-- Data --
□ □ □ □ □

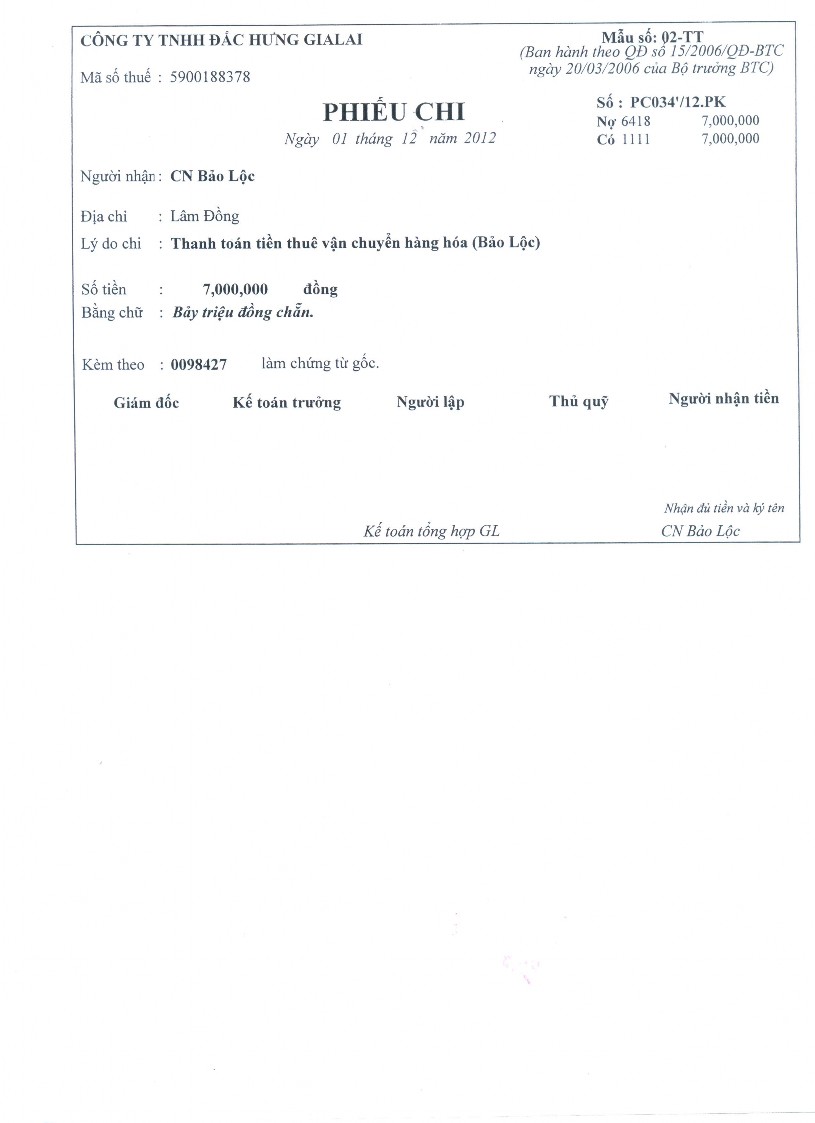 Kế toán doanh thu chi phí và xác định kết quả kinh doanh tại Công ty TNHH Đắc Hưng Gia Lai 13 5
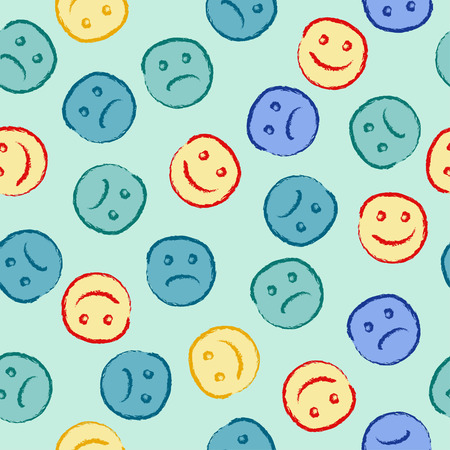 Happy and sad face pattern. Seamless pattern with happy and sad smileies. Emoticons hand-drawn in children style. Vector illustration.のイラスト素材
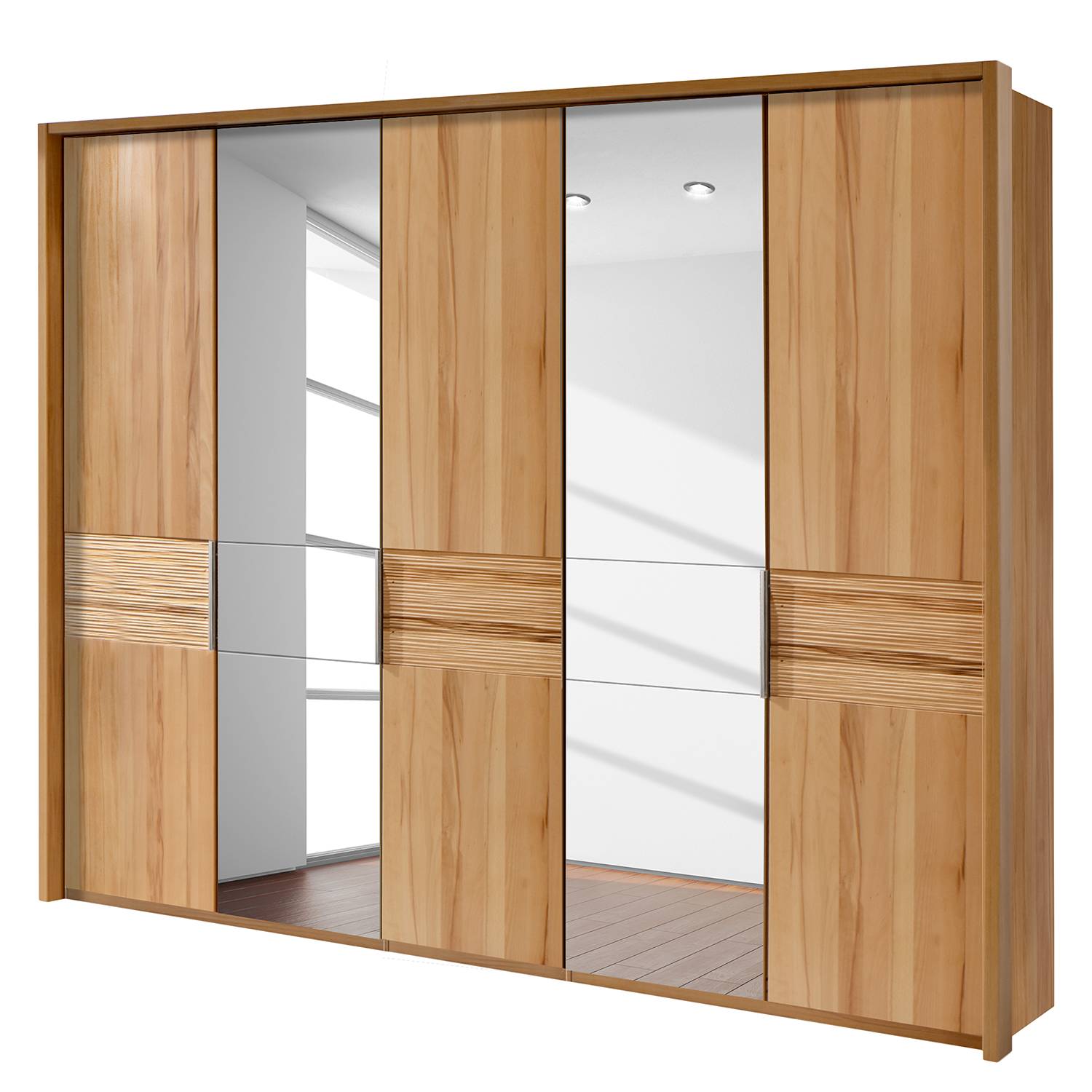 Drehtürenschrank Samoa - Kernbuche - Ohne Beleuchtung - 250 cm (5-türig) - Kernbuche - 2 Spiegeltüren - Mit Passepartoutrahmen, Althoff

□ □ □ □ □

-- What to work on --
Could the data above be returned in full, exactly, with every image left out?

-- Output for this exercise --
 Kế toán doanh thu chi phí và xác định kết quả kinh doanh tại Công ty TNHH Đắc Hưng Gia Lai 13 5
 Happy and sad face pattern. Seamless pattern with happy and sad smileies. Emoticons hand-drawn in children style. Vector illustration.のイラスト素材
 Drehtürenschrank Samoa - Kernbuche - Ohne Beleuchtung - 250 cm (5-türig) - Kernbuche - 2 Spiegeltüren - Mit Passepartoutrahmen, Althoff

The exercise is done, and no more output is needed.